The subclonal CNA ratio and CA125 are linked to model states via:

\[ \hat{\rho}(t) = \frac{R(t)}{S(t) + R(t)} \]
\[ \log \text{CA125}(t) \approx \gamma \bigl(S(t) + R(t)\bigr) + c_0 \]

Parameter space

Parameters are estimated in unconstrained space:

Transformed Physical Constraint enforced
\( \log a_S \) \( a_S > 0 \)
\( \text{logit}(a_R / a_S) \) \( 0 < a_R < a_S \) resistant grow slower
\( \log d_S \) \( d_S > 0 \)
\( \text{logit}(d_R / d_S) \) \( 0 < d_R < d_S \) resistant die less
\( \log K \) \( K > 0 \)

Inference

Multi-start L-BFGS-B minimisation of the weighted negative log-likelihood:

\[ \mathcal{L} = \mathcal{L}_{\text{ratio}} + w_{\text{CA}} \cdot \mathcal{L}_{\text{CA125}} \]

where \( \mathcal{L}_{\text{ratio}} \) is a ratio-scale NLL with observation errors propagated to logit scale.


PDE model

The 1-D reaction–diffusion model adds spatial structure along a tumour axis \( x \in [0, L] \):

\[ \frac{\partial S}{\partial t} = D_S \frac{\partial^2 S}{\partial x^2} + a_S \, S \!\left(1 - \frac{N}{K}\right) - d_S \, u(t) \, S \]
\[ \frac{\partial R}{\partial t} = D_R \frac{\partial^2 R}{\partial x^2} + a_R \, R \!\left(1 - \frac{N}{K}\right) - d_R \, u(t) \, R \]

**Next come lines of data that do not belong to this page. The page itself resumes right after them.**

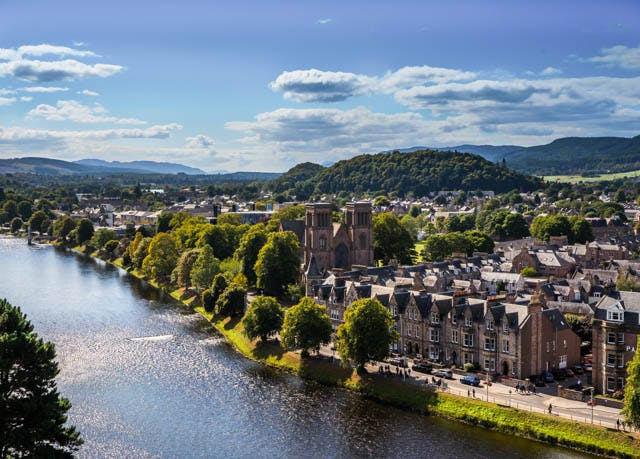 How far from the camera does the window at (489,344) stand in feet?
205

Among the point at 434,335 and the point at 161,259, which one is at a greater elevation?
the point at 161,259

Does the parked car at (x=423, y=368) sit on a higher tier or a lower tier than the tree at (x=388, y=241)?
lower

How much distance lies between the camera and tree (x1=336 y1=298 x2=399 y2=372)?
62188 millimetres

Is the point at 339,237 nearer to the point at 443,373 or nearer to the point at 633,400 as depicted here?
the point at 443,373

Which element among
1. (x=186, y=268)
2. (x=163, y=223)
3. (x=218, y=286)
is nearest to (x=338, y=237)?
(x=218, y=286)

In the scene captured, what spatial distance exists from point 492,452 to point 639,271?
197 feet

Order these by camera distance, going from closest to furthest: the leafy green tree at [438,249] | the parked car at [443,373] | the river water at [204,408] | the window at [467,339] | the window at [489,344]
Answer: the river water at [204,408] → the parked car at [443,373] → the window at [489,344] → the window at [467,339] → the leafy green tree at [438,249]

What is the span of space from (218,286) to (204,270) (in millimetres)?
9647

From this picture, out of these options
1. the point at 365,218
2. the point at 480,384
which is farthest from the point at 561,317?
the point at 365,218

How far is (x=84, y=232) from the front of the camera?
188 m

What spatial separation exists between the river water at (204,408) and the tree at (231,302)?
3.12 meters

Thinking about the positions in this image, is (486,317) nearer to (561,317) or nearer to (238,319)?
(561,317)

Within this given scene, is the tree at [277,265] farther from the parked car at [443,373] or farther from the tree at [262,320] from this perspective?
the parked car at [443,373]

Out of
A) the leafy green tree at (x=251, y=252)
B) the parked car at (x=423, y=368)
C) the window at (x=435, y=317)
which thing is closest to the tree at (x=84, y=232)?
the leafy green tree at (x=251, y=252) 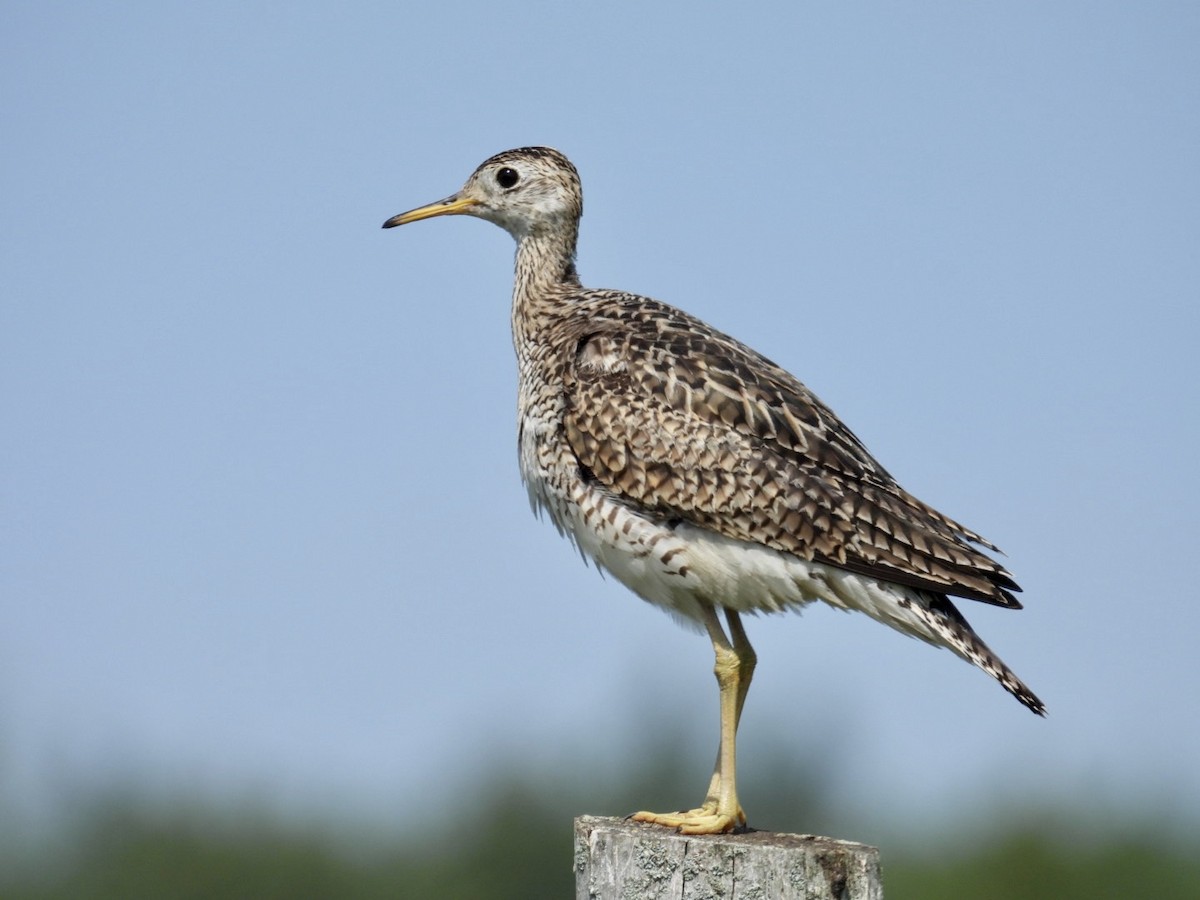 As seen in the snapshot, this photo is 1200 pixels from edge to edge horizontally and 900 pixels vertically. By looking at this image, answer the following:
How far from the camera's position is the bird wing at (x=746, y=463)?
1106 centimetres

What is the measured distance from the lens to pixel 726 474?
11344mm

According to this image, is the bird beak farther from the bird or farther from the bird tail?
the bird tail

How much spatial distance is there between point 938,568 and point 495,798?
81195mm

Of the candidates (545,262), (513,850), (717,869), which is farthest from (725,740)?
(513,850)

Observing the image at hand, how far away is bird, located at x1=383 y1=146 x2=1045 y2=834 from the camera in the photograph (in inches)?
435

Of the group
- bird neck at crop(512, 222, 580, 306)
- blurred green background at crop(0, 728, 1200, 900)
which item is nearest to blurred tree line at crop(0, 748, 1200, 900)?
blurred green background at crop(0, 728, 1200, 900)

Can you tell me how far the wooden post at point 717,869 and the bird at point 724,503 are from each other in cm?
141

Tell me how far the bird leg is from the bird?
11 mm

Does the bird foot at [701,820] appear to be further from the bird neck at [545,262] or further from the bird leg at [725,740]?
the bird neck at [545,262]

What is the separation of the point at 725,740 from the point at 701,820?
71cm

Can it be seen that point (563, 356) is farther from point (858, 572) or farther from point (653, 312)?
point (858, 572)

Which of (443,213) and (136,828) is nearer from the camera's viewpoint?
(443,213)

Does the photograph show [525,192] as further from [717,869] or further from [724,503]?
[717,869]

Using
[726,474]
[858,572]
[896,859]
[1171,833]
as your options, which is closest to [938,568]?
[858,572] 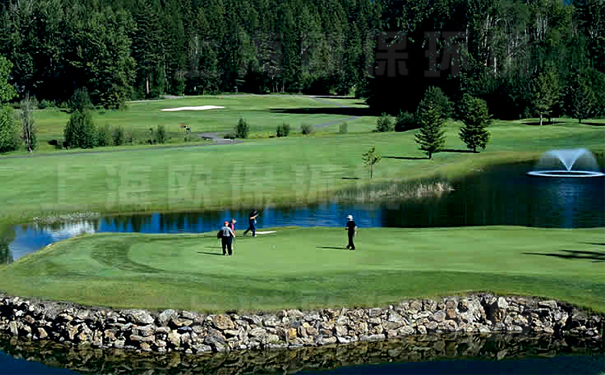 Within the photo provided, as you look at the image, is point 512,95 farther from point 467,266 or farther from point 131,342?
point 131,342

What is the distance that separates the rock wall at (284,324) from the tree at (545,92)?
99.3 m

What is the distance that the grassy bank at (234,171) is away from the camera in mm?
64200

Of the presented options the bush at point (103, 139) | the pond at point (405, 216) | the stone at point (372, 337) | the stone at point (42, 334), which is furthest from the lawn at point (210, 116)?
the stone at point (372, 337)

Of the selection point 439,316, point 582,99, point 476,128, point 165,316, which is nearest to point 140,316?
point 165,316

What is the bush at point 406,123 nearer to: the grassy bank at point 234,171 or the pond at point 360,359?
the grassy bank at point 234,171

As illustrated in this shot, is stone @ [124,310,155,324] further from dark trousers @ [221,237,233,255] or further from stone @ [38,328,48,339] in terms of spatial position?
dark trousers @ [221,237,233,255]

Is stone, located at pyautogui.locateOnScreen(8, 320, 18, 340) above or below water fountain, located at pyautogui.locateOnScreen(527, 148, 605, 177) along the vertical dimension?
below

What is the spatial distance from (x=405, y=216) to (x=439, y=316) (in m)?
28.9

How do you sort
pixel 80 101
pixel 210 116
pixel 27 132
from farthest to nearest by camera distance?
pixel 80 101 < pixel 210 116 < pixel 27 132

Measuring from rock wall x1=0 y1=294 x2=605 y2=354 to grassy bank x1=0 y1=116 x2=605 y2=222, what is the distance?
3077cm

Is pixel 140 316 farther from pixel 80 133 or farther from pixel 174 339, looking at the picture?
pixel 80 133

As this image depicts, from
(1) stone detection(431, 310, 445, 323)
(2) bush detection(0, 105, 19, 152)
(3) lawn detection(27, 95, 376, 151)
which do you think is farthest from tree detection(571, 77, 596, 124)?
(1) stone detection(431, 310, 445, 323)

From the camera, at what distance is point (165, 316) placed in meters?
28.0

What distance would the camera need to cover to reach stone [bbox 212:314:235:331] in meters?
27.8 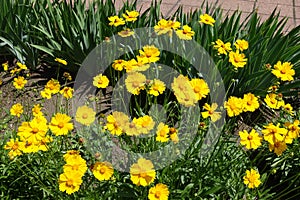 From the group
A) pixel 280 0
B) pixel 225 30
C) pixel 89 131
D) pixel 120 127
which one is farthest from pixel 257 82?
pixel 280 0

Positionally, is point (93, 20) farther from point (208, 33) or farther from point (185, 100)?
point (185, 100)

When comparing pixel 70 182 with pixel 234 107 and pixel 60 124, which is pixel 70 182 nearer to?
pixel 60 124

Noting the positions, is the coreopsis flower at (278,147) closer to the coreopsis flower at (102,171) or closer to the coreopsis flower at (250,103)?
the coreopsis flower at (250,103)

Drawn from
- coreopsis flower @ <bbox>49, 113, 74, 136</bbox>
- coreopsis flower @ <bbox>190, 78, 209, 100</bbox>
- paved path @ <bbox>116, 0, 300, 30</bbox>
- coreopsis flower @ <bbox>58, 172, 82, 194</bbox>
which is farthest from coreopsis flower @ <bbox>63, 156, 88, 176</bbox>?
paved path @ <bbox>116, 0, 300, 30</bbox>

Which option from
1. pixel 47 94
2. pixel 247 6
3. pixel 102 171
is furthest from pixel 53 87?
pixel 247 6

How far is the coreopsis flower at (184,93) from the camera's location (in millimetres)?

with Neumann (zero-flux) boundary conditions:

\[ \frac{\partial S}{\partial x}\bigg|_{x=0,L} = 0, \quad \frac{\partial R}{\partial x}\bigg|_{x=0,L} = 0 \]

Spatial observation model

Observables are obtained by integrating across the spatial domain:

\[ \hat{\rho}(t) = \frac{\int_0^L R \, dx}{\int_0^L (S + R) \, dx} \]
\[ \widehat{\log \text{CA125}}(t) = \gamma \int_0^L (S + R) \, dx + c_0 \]

Numerical discretisation

The PDE is solved with operator splitting (Lie–Trotter):

  1. Reaction step — explicit Euler update for growth and death terms
  2. Diffusion step — implicit FEniCS/dolfinx FEM solve with PETSc backend

The linear systems for the diffusion step are cached (keyed on mesh geometry and time-step) to avoid repeated assembly across optimiser iterations.

Initial conditions

At \( t = 0 \) (first observation):

\[ S(x, 0) = S_0, \quad R(x, 0) = R_0 \]

where \( S_0, R_0 \) are uniform initial densities inferred from the first observed ratio and a patient-specific total burden estimate.


2-D mesh model

The mesh-view pipeline runs a 2-D variant on a unit-square FEniCS mesh for visualisation purposes. This does not produce fitted parameters but shows spatial resistance-zone formation and drug-efficacy gradients.

See tumorfits.meshview for implementation details.


Identifiability and sensitivity

Sobol first-order and total-order sensitivity indices are computed for both ODE and PDE parameter spaces using SALib. Run via tumorfits.identifiability.